_What to produce:_
Exact reproduction of the data is required, with images excluded.

_Input data:_

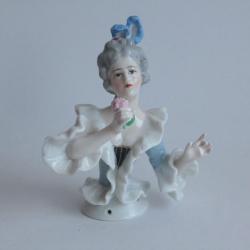 Demi figurine porcelaine Marquise à fleur Passau Dressel & Kister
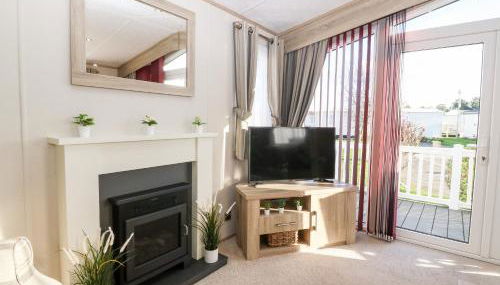 Snape Lodge - Photo 5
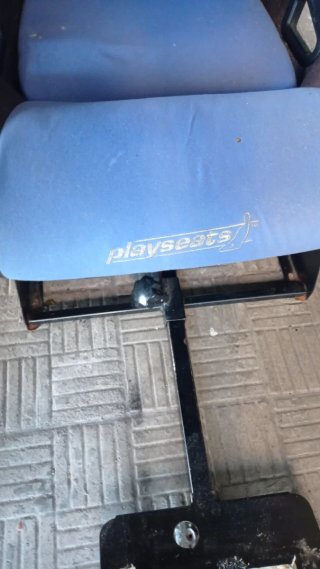 Playseat simulador con estructura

_Answer to the problem:_
 Demi figurine porcelaine Marquise à fleur Passau Dressel & Kister
 Snape Lodge - Photo 5
 Playseat simulador con estructura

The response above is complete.